Why Women Have Better Sex Under Socialism is a 2018 book by anthropologist Kristen Ghodsee. 

In the book, Ghodsee argues that socialism creates a fairer and better society for women. She uses case studies drawn from Eastern Europe to illustrate that capitalism creates an increased dependency on men, by women.

Publication 
Why Women Have Better Sex Under Socialism: And Other Arguments for Economic Independence is a 2018 book by anthropologist Kristen Ghodsee, and published by Vintage Books. Ghodsee is a professor of Russian and East European Studies at the University of Pennsylvania. The book has also been translated into multiple foreign languages, including Spanish, French, German, Portuguese, Dutch, Russian, Polish, Czech, Slovak, Indonesian, Thai, Korean, and Japanese.

Synopsis 
In the book, Ghodsee argues that socialist societies are better for women. She presents the reader with a view of motherhood from an economic and political perspective. She is critical of the sexualised images that frequently appear in western magazines and television, which she describes as capitalism commodifying women. She presents a series of case studies from Eastern Europe and illustrates that compared to capitalist societies, women are more liberated and have more control of their lives in socialist societies. She points out how women tend to earn less than men in capitalist societies, thus making women more dependant on men, and receiving more pressure to get married.

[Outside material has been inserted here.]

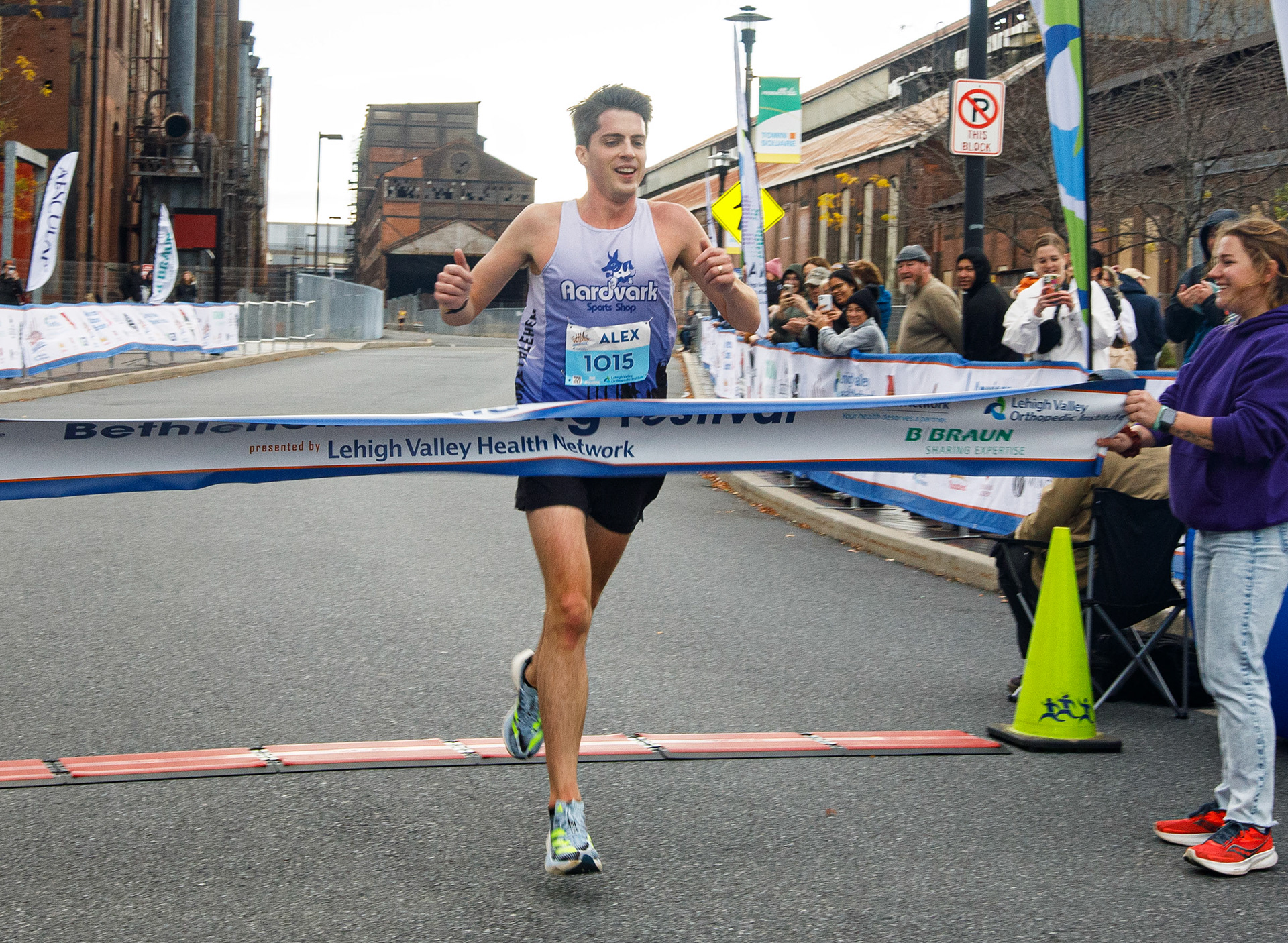 Alex Price of Team Vark wins the men’s division with a time of 1:09:42 at the finish of the Lehigh Valley Orthopedic Institute Half Marathon Sunday, Oct. 22, 2023, at SteelStacks in Bethlehem.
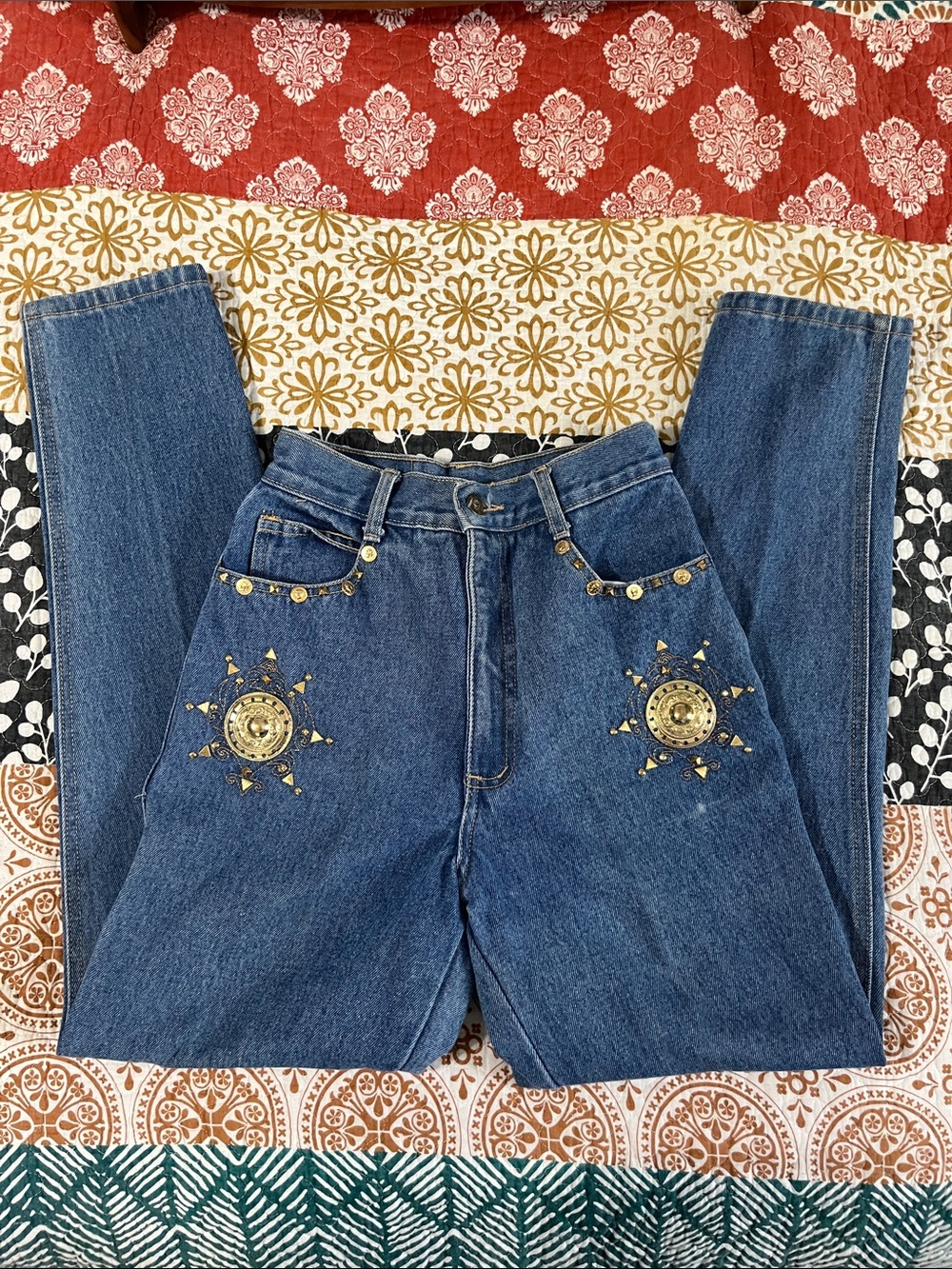 High-Rise Blue Women’s Jeans with Gold Sunburst Embellishments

Two chapters of the book are about sexual economics, and are critical of puritanical tendencies in western societies while praising the normalisation of sex in socialist societies. The book quotes studies showing greater sexual satisfaction among women in East Germany compared to those in West Germany.

Ghodsee advocates for a Universal Basic Income which she argues would balance inequity resulting from unpaid labour that women undertake.

Critical reception 
Rebecca Mead, writing in The New Yorker describes the book as smart and accessible. Suzanne Moore writing in The Guardian called it a "joyous read."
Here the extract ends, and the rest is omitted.